- What to produce -
Only the text of the records, copied exactly, is wanted; no pictures.

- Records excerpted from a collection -
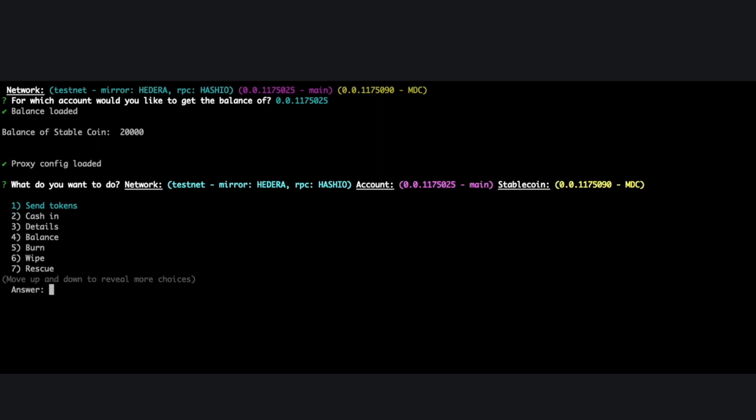I can now do other operations like burn, wipe, and rescue. But to save your time, they work pretty much the same as cash in — you can try them on your own. Now let's move on to role management.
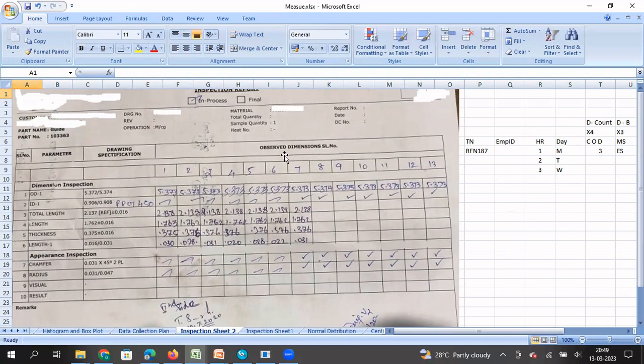I hope this video is useful for understanding what a check sheet is, the different types of check sheets, and their uses. Once you are familiar with identifying the right check sheet for the right condition, you will be able to create a good data collection plan and subsequently convert it into a data collection sheet — a very important step in your continuous improvement project. Whichever methodology you follow, data plays a very important role.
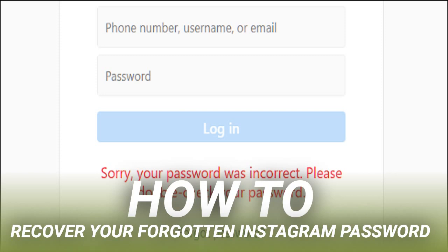Whether you've forgotten your Instagram password, or have had someone else change it without your permission, Instagram offers a pretty simple way to recover. What we're talking about here is recovering your account if you've totally forgotten your password.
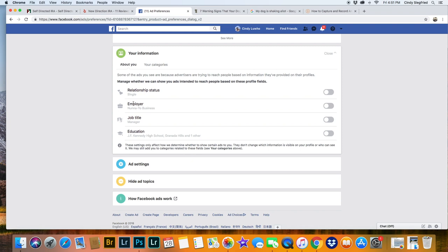So like your status, employer, job title. So right now it's on. You're going to want to turn that off.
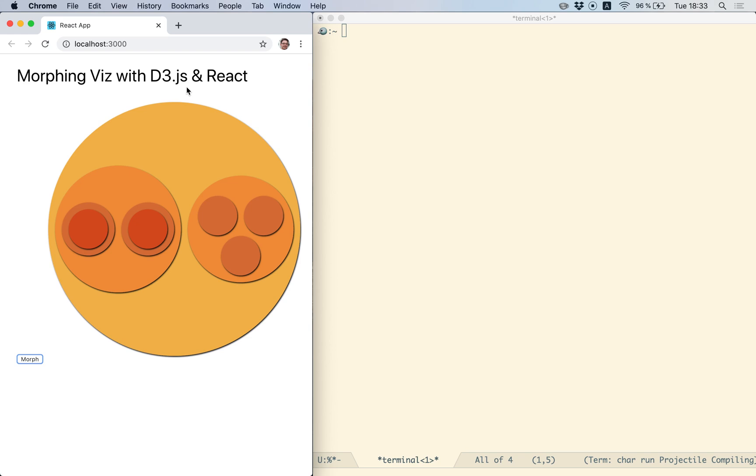In addition, you should have Node installed on your computer and create-react-app. You can find links to those two in the video description as well.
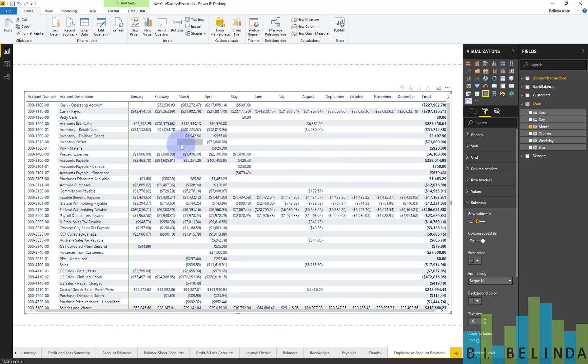One other thing I want to point out to you is if you're using this, you can, because I'm using detailed, select any individual field in a month,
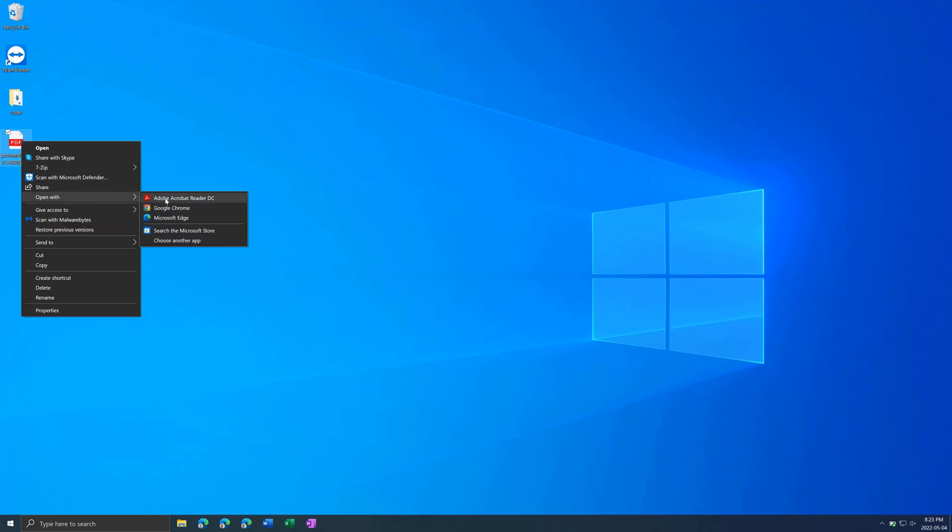If you only want to open the file in a different program one time, you just click on one of the options. But if you want to always use a specific app, press choose another app.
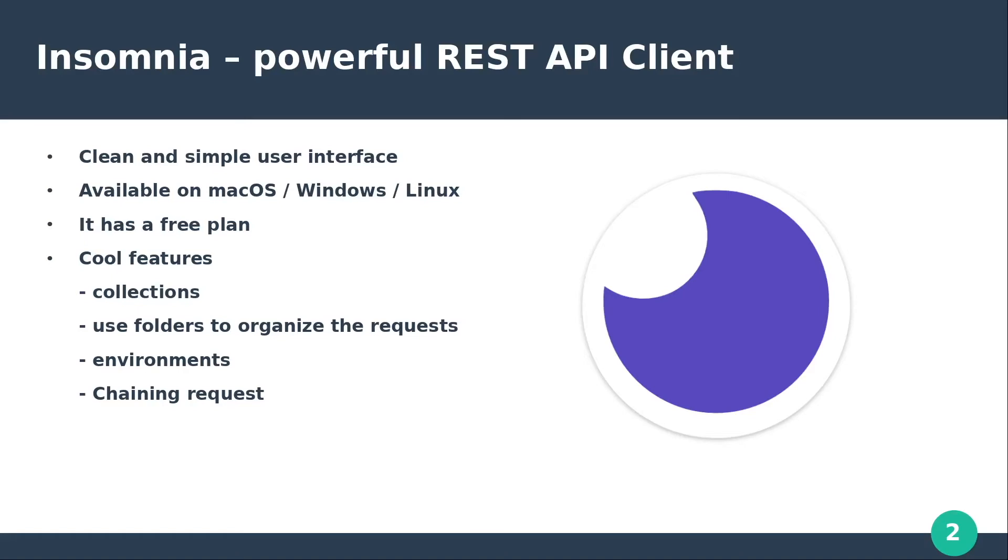Hey guys! How is it going? Today's video is about Insomnia, a powerful REST API client alternative to Postman.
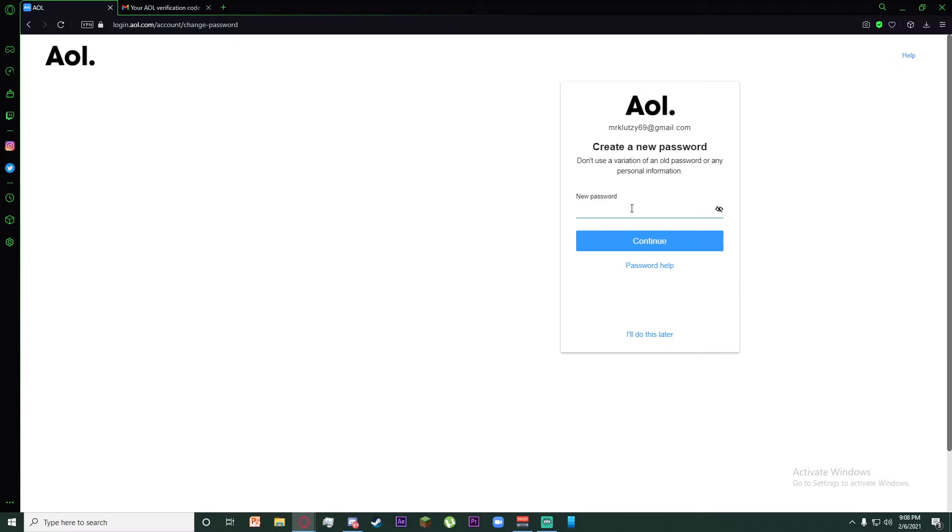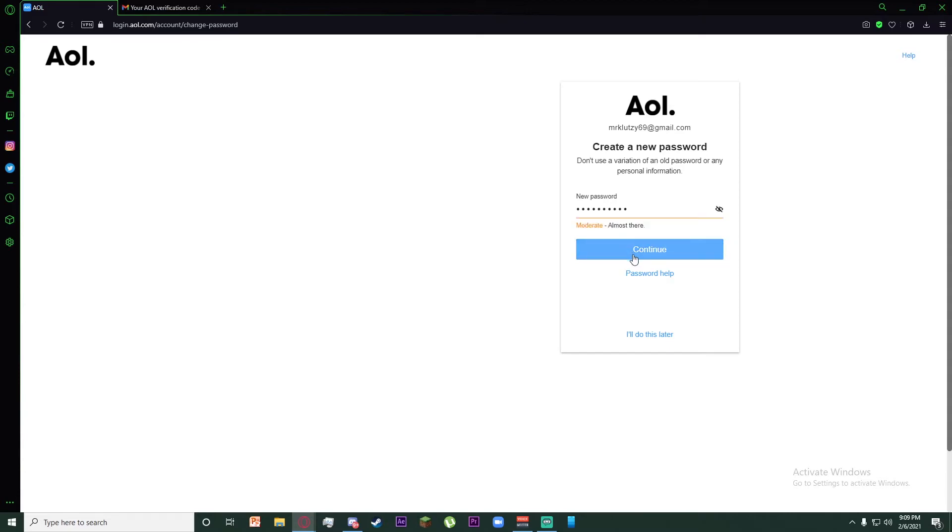Create a password for your account. After you've created a password, click on Continue.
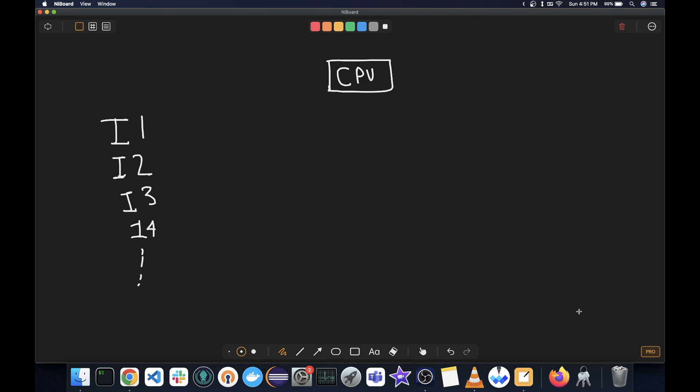let's have a look at how our CPU executes code for a moment. And then we'll understand how it works. So let's understand how CPU executes the code. Let's say these are the instructions: I1, I2, I3, and so on.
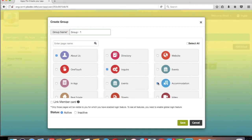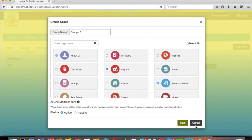You can create as many groups as you want. You can assign the same pages to multiple groups. If you haven't assigned any page to any group, it will be treated as a public page and will be accessed by all users. There is one checkbox, Link Member Card, through which you can link member cards to a specific group. If you want to know more about this feature, you can check our video tutorial on how to link member cards with respective user groups.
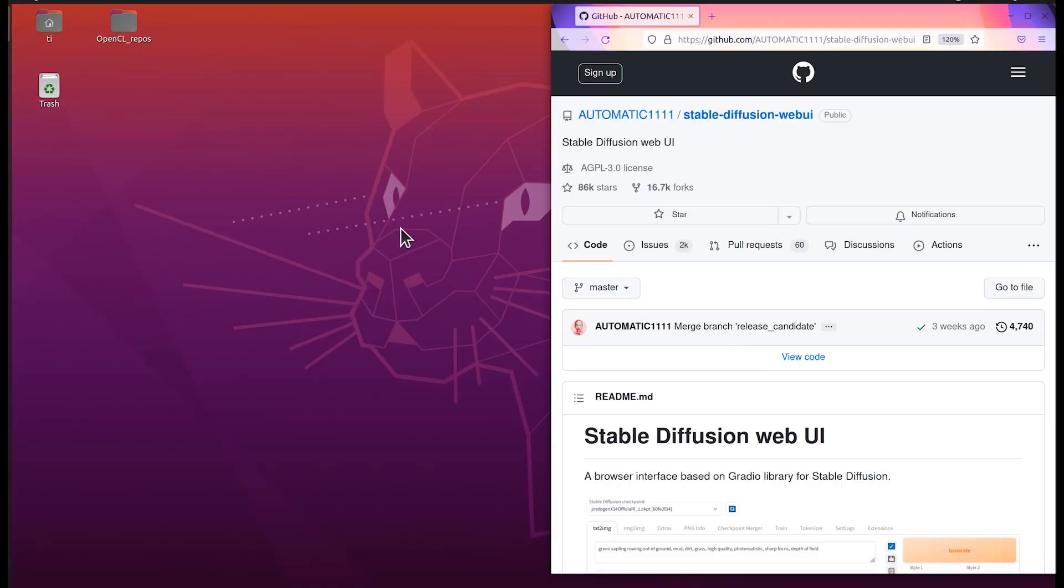Hello everyone, welcome to my channel. In this video I want to show you how to use Stable Diffusion Web UI using AMD GPU model 5700 XT. I know this is a very popular GPU, a lot of people have it, and I think it works great for the Web UI for Stable Diffusion.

- Your solution -
I can now do other operations like burn, wipe, and rescue. But to save your time, they work pretty much the same as cash in — you can try them on your own. Now let's move on to role management.
I hope this video is useful for understanding what a check sheet is, the different types of check sheets, and their uses. Once you are familiar with identifying the right check sheet for the right condition, you will be able to create a good data collection plan and subsequently convert it into a data collection sheet — a very important step in your continuous improvement project. Whichever methodology you follow, data plays a very important role.
Whether you've forgotten your Instagram password, or have had someone else change it without your permission, Instagram offers a pretty simple way to recover. What we're talking about here is recovering your account if you've totally forgotten your password.
So like your status, employer, job title. So right now it's on. You're going to want to turn that off.
In addition, you should have Node installed on your computer and create-react-app. You can find links to those two in the video description as well.
One other thing I want to point out to you is if you're using this, you can, because I'm using detailed, select any individual field in a month,
If you only want to open the file in a different program one time, you just click on one of the options. But if you want to always use a specific app, press choose another app.
Hey guys! How is it going? Today's video is about Insomnia, a powerful REST API client alternative to Postman.
Create a password for your account. After you've created a password, click on Continue.
let's have a look at how our CPU executes code for a moment. And then we'll understand how it works. So let's understand how CPU executes the code. Let's say these are the instructions: I1, I2, I3, and so on.
You can create as many groups as you want. You can assign the same pages to multiple groups. If you haven't assigned any page to any group, it will be treated as a public page and will be accessed by all users. There is one checkbox, Link Member Card, through which you can link member cards to a specific group. If you want to know more about this feature, you can check our video tutorial on how to link member cards with respective user groups.
Hello everyone, welcome to my channel. In this video I want to show you how to use Stable Diffusion Web UI using AMD GPU model 5700 XT. I know this is a very popular GPU, a lot of people have it, and I think it works great for the Web UI for Stable Diffusion.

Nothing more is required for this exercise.